John Isbell 09.03.04 at 2:54 pm

Discussion of JJR’s possible suicide was routine after his death. See for instance Mme de Stael’s “Lettres sur Jean-Jacques Rousseau”, 1788.

2

kevin donoghue 09.03.04 at 6:18 pm

It may be true that “people back then didn’t see the two traditions as so sharply divided” but it can’t have been too easy for them to figure out what the hell was going on. Robespierre had just been overthrown when Monroe arrived and the USA was busy negotiating the Jay treaty with Britain.
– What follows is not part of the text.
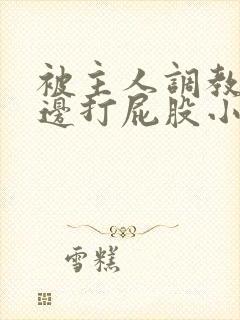 被主人调教边c边打屁股小说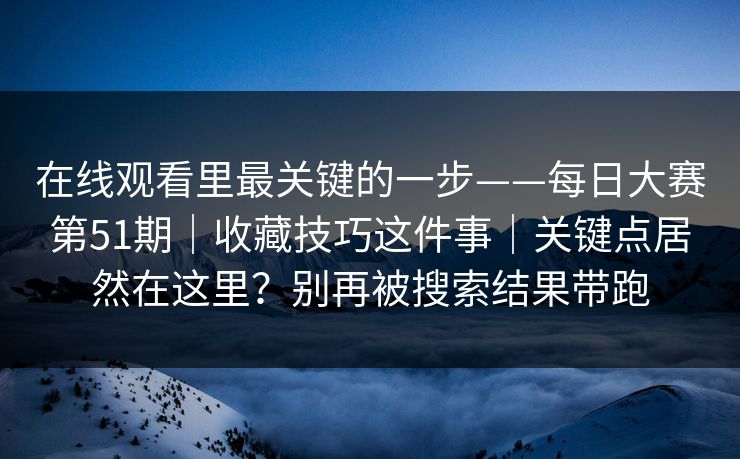在线观看里最关键的一步——每日大赛第51期｜收藏技巧这件事｜关键点居然在这里？别再被搜索结果带跑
If the French had known about that there probably wouldn’t have been any foreign guests in the Pantheon.

3

jrv 09.03.04 at 9:12 pm

Edmund Burke’s “Reflections on the Revolution in France” focused quite nicely on the differences between the American and French Revolutions, as seen in England and by many in the US who admired Burke. Other perspectives developed in America with the experiences of Thomas Paine, who was rotting in a French prison when Monroe arrived at the Pantheon. Monroe had to lobby the Committee on Public Safety for a stay of his execution. Of course Paine was soon after despised in America with the publication of The Age of Reason, which is reason enough to think Americans had different views of the American and French Revolution without libertarian influence.

4

Phill 09.04.04 at 1:15 am

The big difference was the context. The US revolution began with a political objective, it was the lack of representation that was the primary issue. The French revolution was largely the result of an economic failure. The Russian revolution the result of a political failure – WWI.

What is interesting about the US revolution is that it is rare in that the causes were almost exclusively political. A political problem usually gets resolved within the political process.